I nodded. "We do. I'm surprised you didn't track me down before. How's that miracle cure coming along?" Now wasn't the time to wake up my friends. If the Portal Tyrant wanted to talk business, then it'd be better to do that without prying ears.
"It's coming. Your sister's an enigma. I've been talking with the Spark of Life about her, and Sarah's completely stumped. She had no idea what to do with her when she was younger, and she certainly hasn't come up with any new ideas recently. Luckily, I've got a few people working with Jessica Gerald in therapy. Last I heard was two days ago. We're making progress, but it's slow."
"Slow is fine. Just don't forget."
Terrel snorted. "Believe me, if I'd been forgetting, watching you fight would have changed my mind. You don't fight like a C-Ranker. If you've got potential to make it to S, you'll be one of the scariest delvers in Phoenix."
His eyes flicked toward Angelo as he said that. The mage sat on top of a truck cab, legs crossed and arms out as a distorting haze spiraled around him.

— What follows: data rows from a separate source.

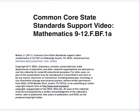This is Common Core State Standard Support Video for grades 9 through 12 in math. This particular standard is going to be FBF 1A.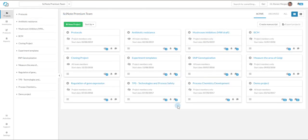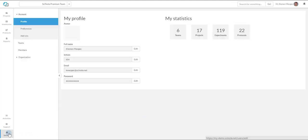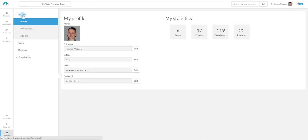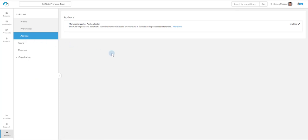When you create your account in SciNote, Manuscript Writer add-on will be automatically activated for you. Add-ons in SciNote are located in the Settings tab, under Account, and Add-on tab. Here's where you can find the Evergreen SciNote add-on store.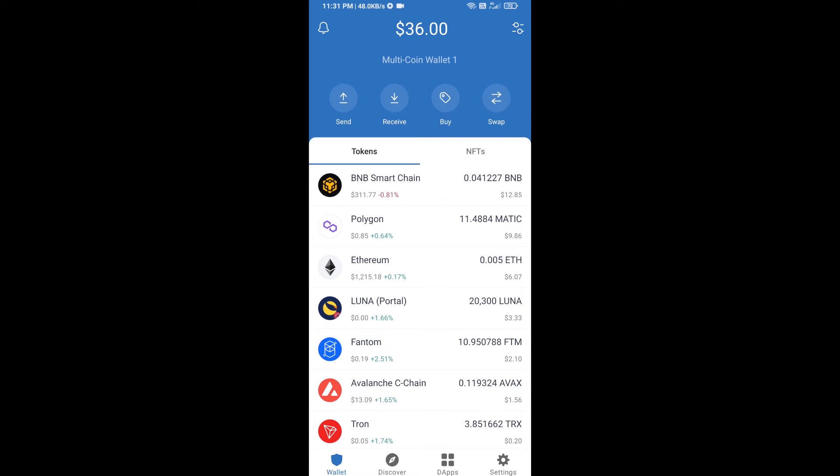Hello guys, today I'm going to share with you how to buy Gold token on Trust Wallet using Uniswap exchange.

A shiver ran up Terrel's spine. He didn't bother hiding it. "Not as scary as him, though. That's Power Plant by itself. He's not even active right now."
"He's that bad?" I asked.
"Yes. And worse. There's a reason he's not permitted to fight above his B-Rank potential inside Phoenix's walls. And that's a voluntary condition, not one anyone can enforce on him."
"Alright. Twenty minutes! Get this crap ripped down!" Deborah yelled.
Terrel winked at me. "She's a totally different nightmare than Angelo, but she's right. We need to get moving. I just wanted to let you know we haven't forgotten, and we're trying."
"I appreciate it," I said. I stuck a hand out, and we shook—with me trying to ignore the sheer pressure of his hand on mine. Then I hurried to start collapsing the tent and waking up the rest of my team at the same time.
We had a four-hour run ahead of us, and the longer we waited, the longer it'd be before we were done.